RECORDS PROVIDED >>
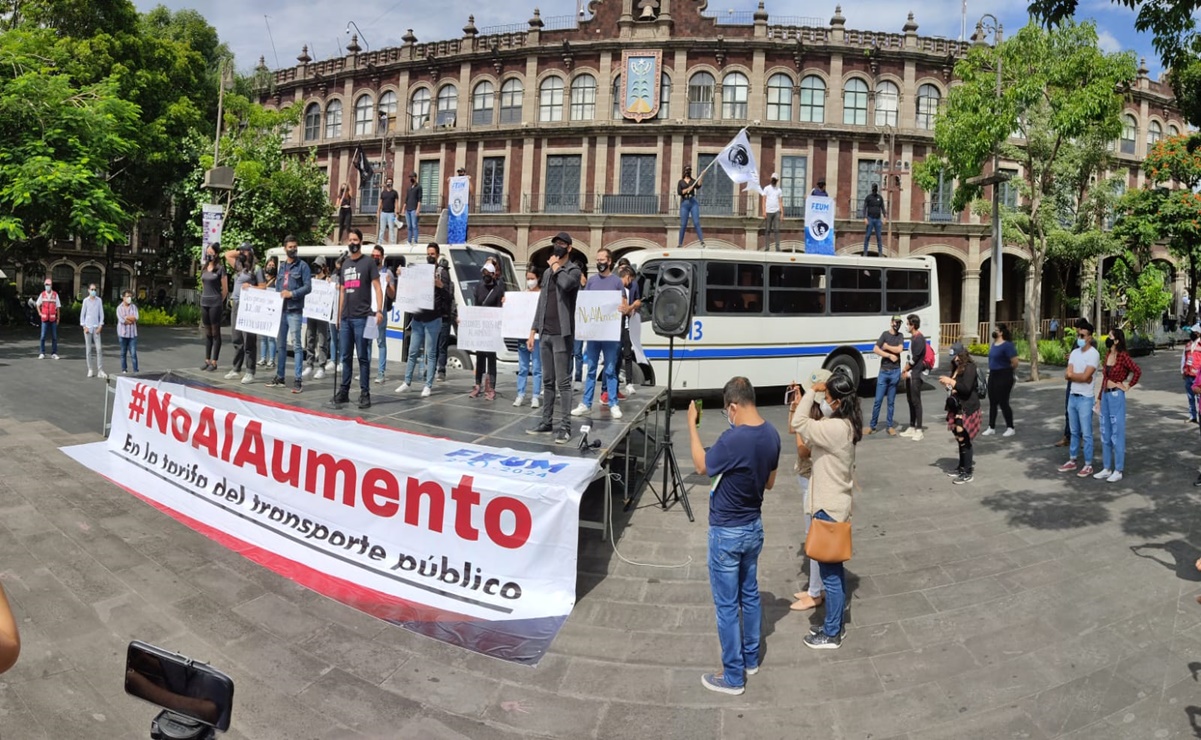 Marchan estudiantes de Morelos contra ajuste a tarifa del transporte público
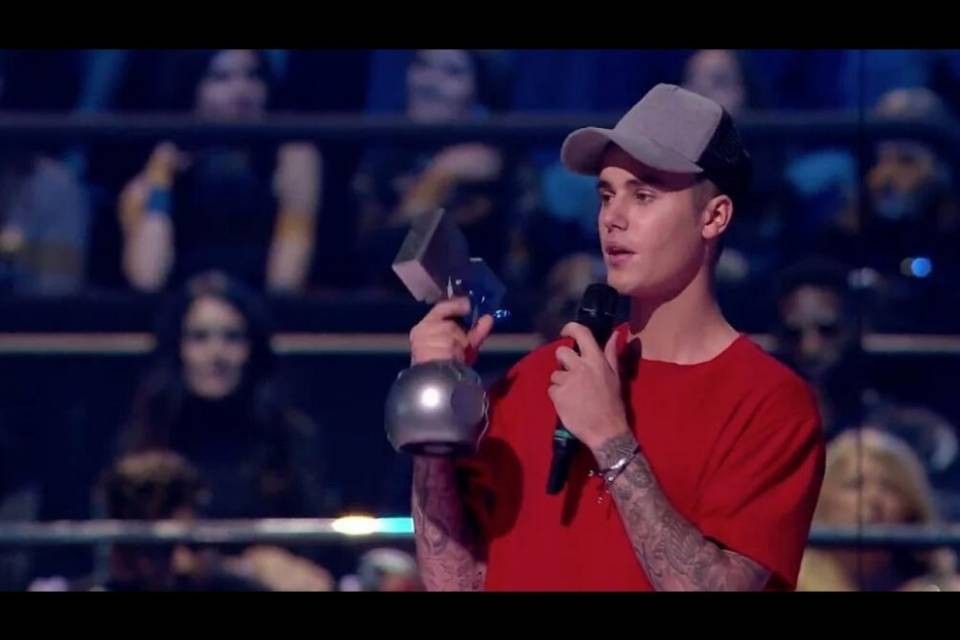 Mtv Ema, Bieber conquista Milano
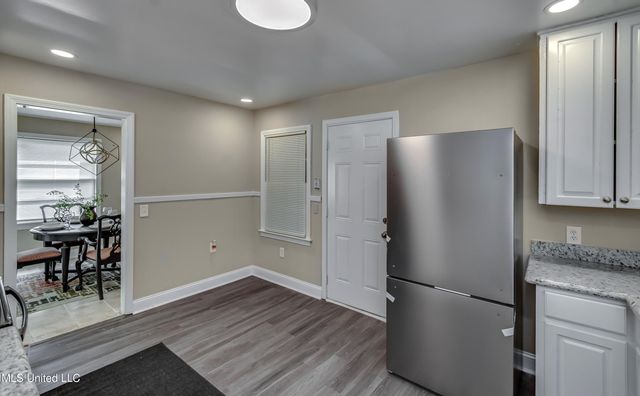 245 Wildwood Terrace, Jackson, MS 39212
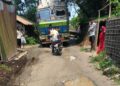 प्रधानमंत्री ग्रामीण सड़क पर अतिक्रमण का आरोप, ग्रामीणों ने प्रशासन से लगाई गुहार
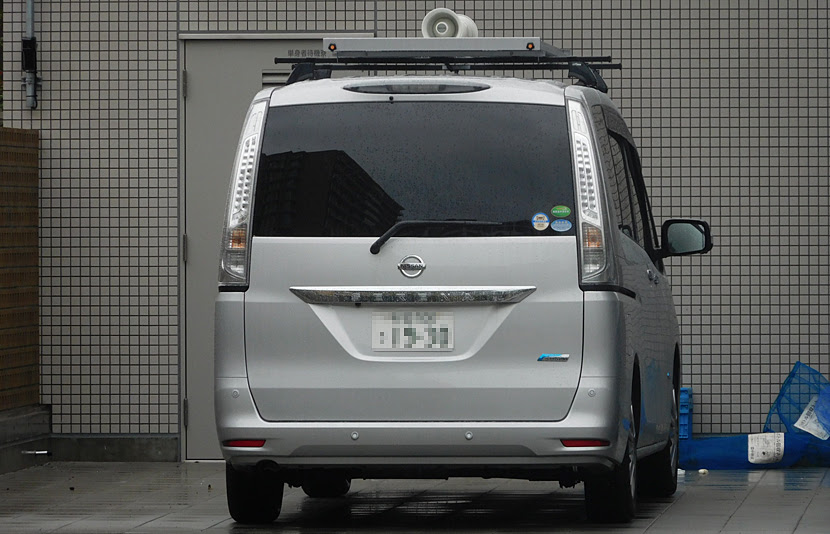 警察 張り込み 1930 警察 張り込み 軽自動車
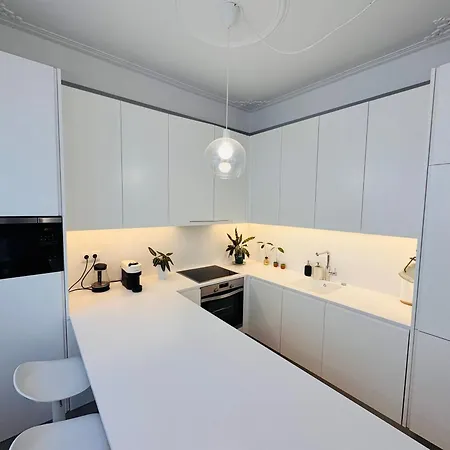 Bright And Cozy In Principe Real * Лиссабон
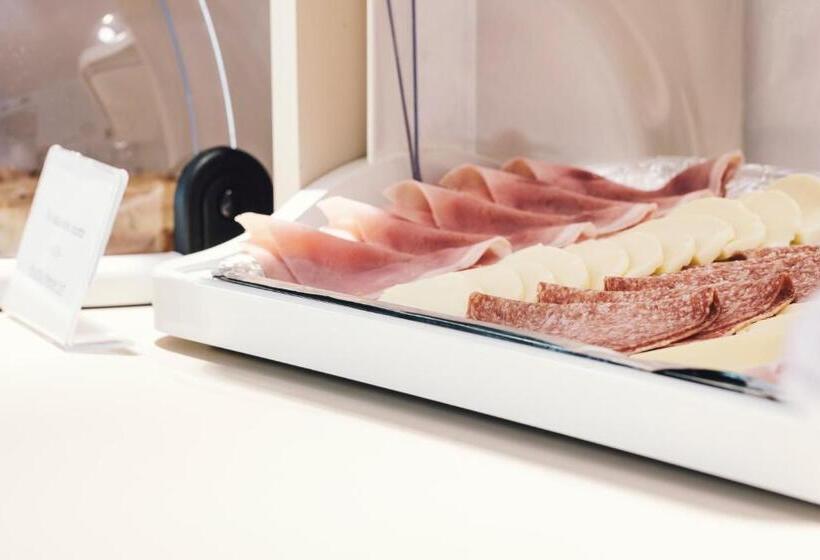 בית מלון כפרי Dei 7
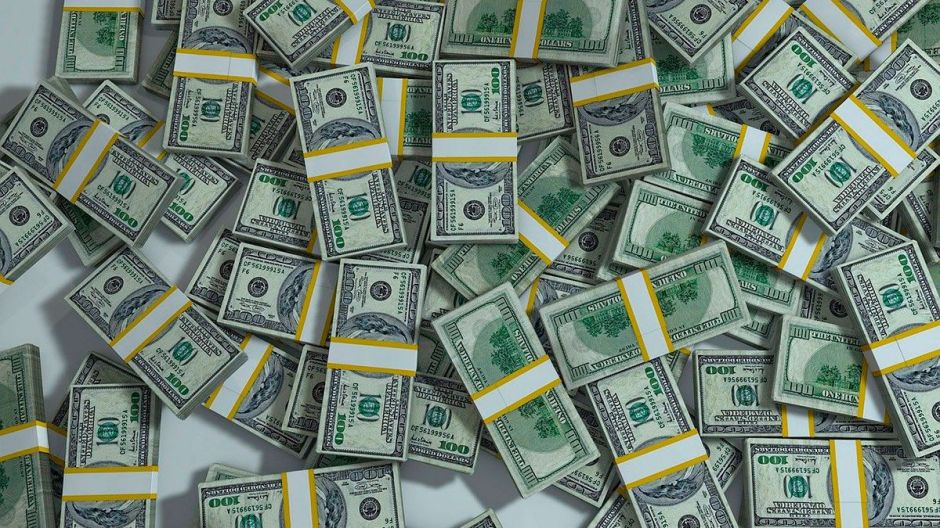 Familia encuentra bolsas con $1 millón de dólares en efectivo tiradas en la calle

TASK STATEMENT >> I would like the data above transcribed exactly, with its pictures left out.

COMPLETED TASK >>
 Marchan estudiantes de Morelos contra ajuste a tarifa del transporte público
 Mtv Ema, Bieber conquista Milano
 245 Wildwood Terrace, Jackson, MS 39212
 प्रधानमंत्री ग्रामीण सड़क पर अतिक्रमण का आरोप, ग्रामीणों ने प्रशासन से लगाई गुहार
 警察 張り込み 1930 警察 張り込み 軽自動車
 Bright And Cozy In Principe Real * Лиссабон
 בית מלון כפרי Dei 7
 Familia encuentra bolsas con $1 millón de dólares en efectivo tiradas en la calle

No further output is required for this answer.